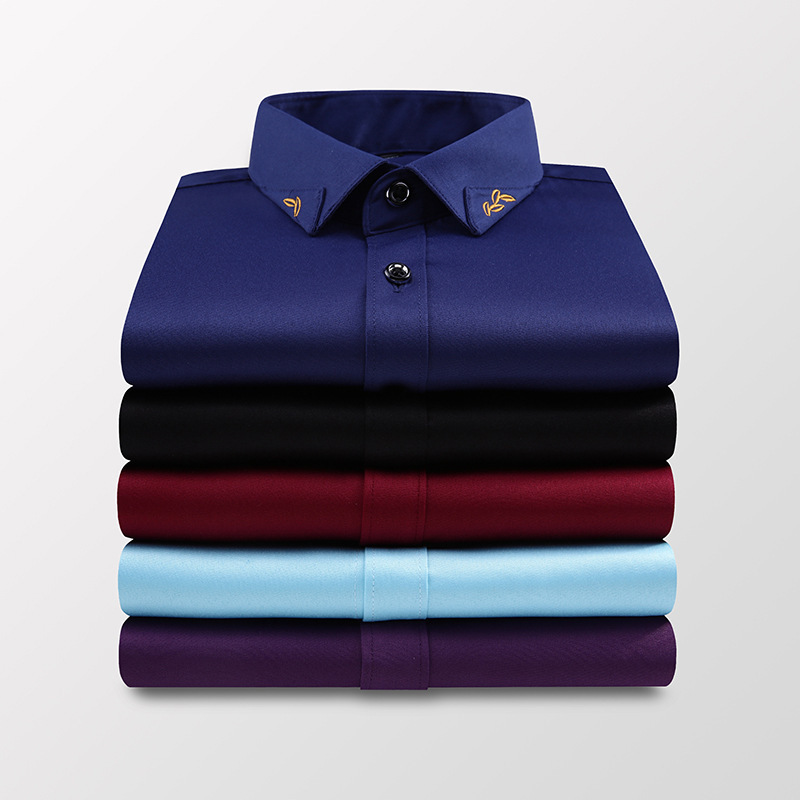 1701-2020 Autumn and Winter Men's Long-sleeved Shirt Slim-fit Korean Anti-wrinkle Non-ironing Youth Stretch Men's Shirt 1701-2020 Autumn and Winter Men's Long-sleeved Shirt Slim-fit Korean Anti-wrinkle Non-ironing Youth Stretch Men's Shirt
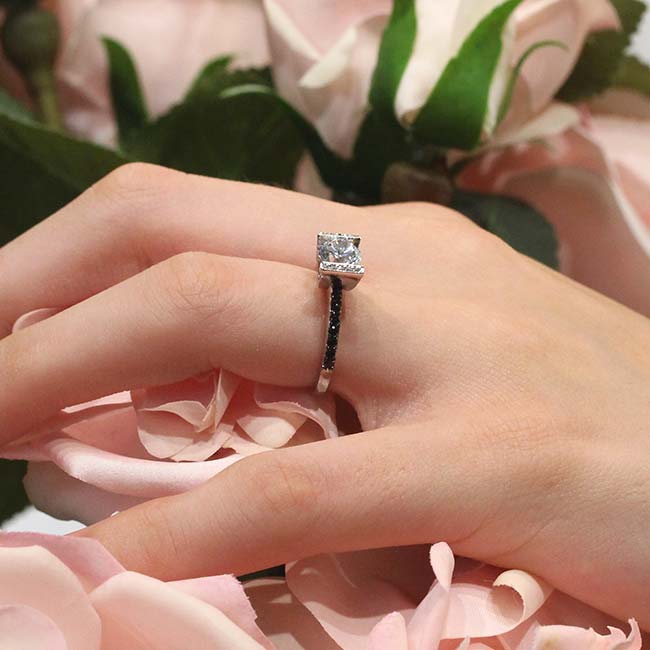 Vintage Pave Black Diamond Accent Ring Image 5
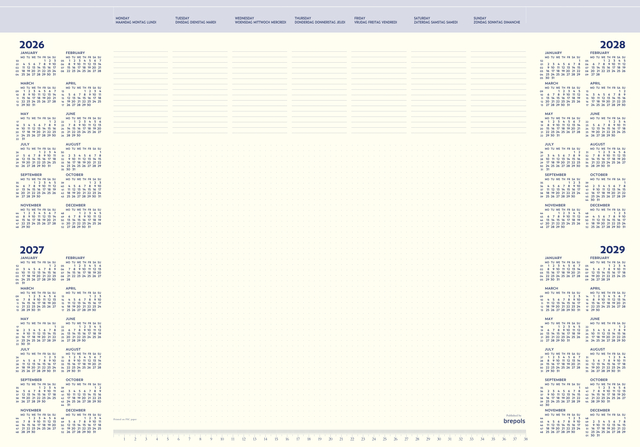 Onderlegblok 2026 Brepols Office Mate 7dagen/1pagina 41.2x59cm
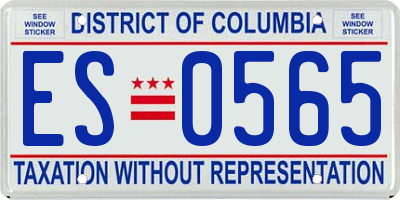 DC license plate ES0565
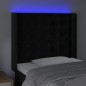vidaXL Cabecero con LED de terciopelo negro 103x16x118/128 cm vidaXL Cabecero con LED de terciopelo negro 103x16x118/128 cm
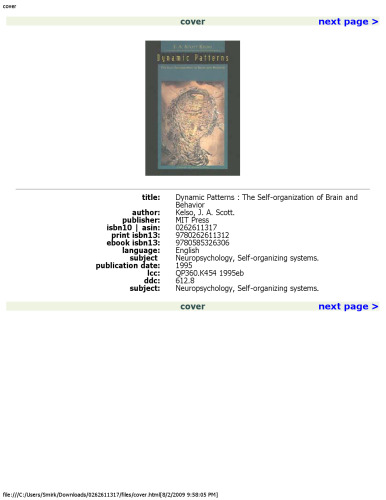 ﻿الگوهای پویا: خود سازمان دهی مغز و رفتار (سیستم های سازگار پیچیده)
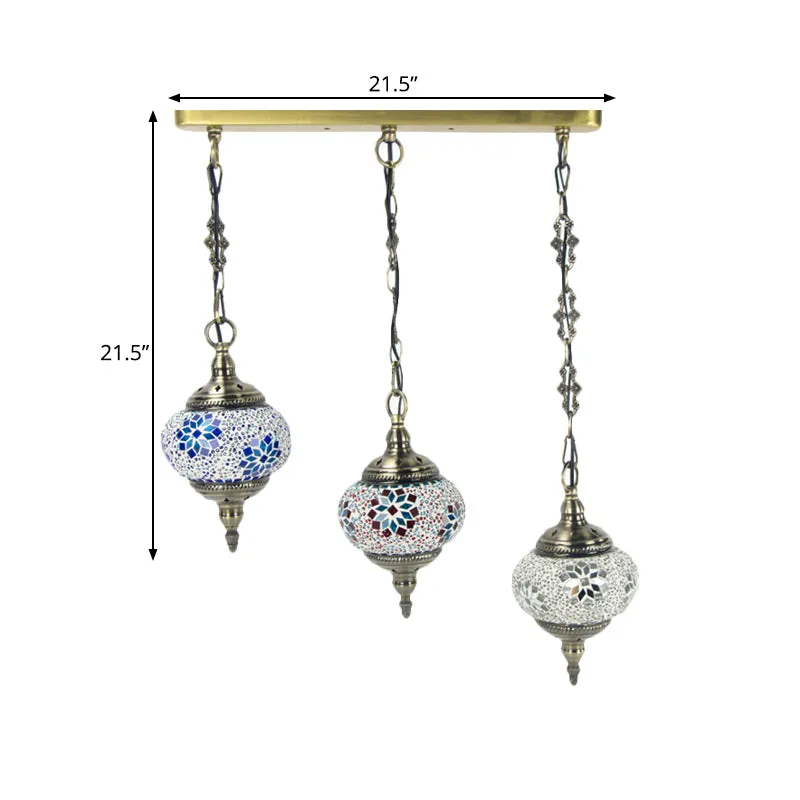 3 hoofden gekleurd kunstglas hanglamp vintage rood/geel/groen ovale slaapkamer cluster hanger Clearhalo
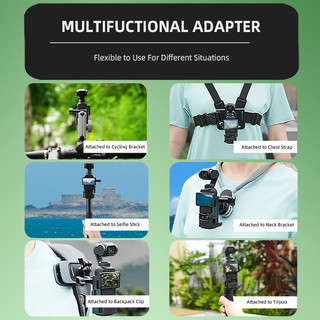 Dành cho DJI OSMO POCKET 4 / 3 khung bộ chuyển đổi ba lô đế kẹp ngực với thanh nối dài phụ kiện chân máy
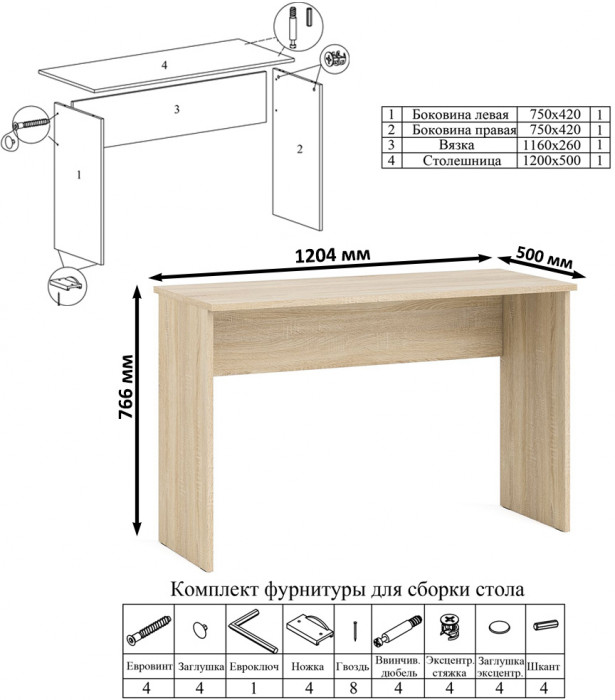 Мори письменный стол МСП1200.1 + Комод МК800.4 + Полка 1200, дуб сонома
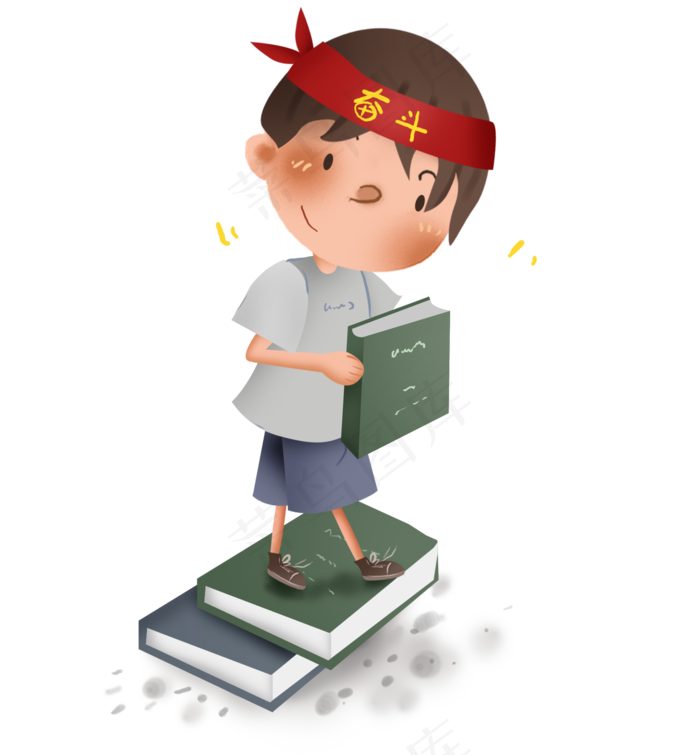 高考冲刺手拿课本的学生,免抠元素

--------------------------------------------------

▶ _TASK STATEMENT_
A word-for-word retyping of every record is required, without the pictures.

▶ _TASK OUTPUT_
 1701-2020 Autumn and Winter Men's Long-sleeved Shirt Slim-fit Korean Anti-wrinkle Non-ironing Youth Stretch Men's Shirt 1701-2020 Autumn and Winter Men's Long-sleeved Shirt Slim-fit Korean Anti-wrinkle Non-ironing Youth Stretch Men's Shirt
 Vintage Pave Black Diamond Accent Ring Image 5
 Onderlegblok 2026 Brepols Office Mate 7dagen/1pagina 41.2x59cm
 DC license plate ES0565
vidaXL Cabecero con LED de terciopelo negro 103x16x118/128 cm vidaXL Cabecero con LED de terciopelo negro 103x16x118/128 cm
 ﻿الگوهای پویا: خود سازمان دهی مغز و رفتار (سیستم های سازگار پیچیده)
 3 hoofden gekleurd kunstglas hanglamp vintage rood/geel/groen ovale slaapkamer cluster hanger Clearhalo
 Dành cho DJI OSMO POCKET 4 / 3 khung bộ chuyển đổi ba lô đế kẹp ngực với thanh nối dài phụ kiện chân máy
 Мори письменный стол МСП1200.1 + Комод МК800.4 + Полка 1200, дуб сонома
 高考冲刺手拿课本的学生,免抠元素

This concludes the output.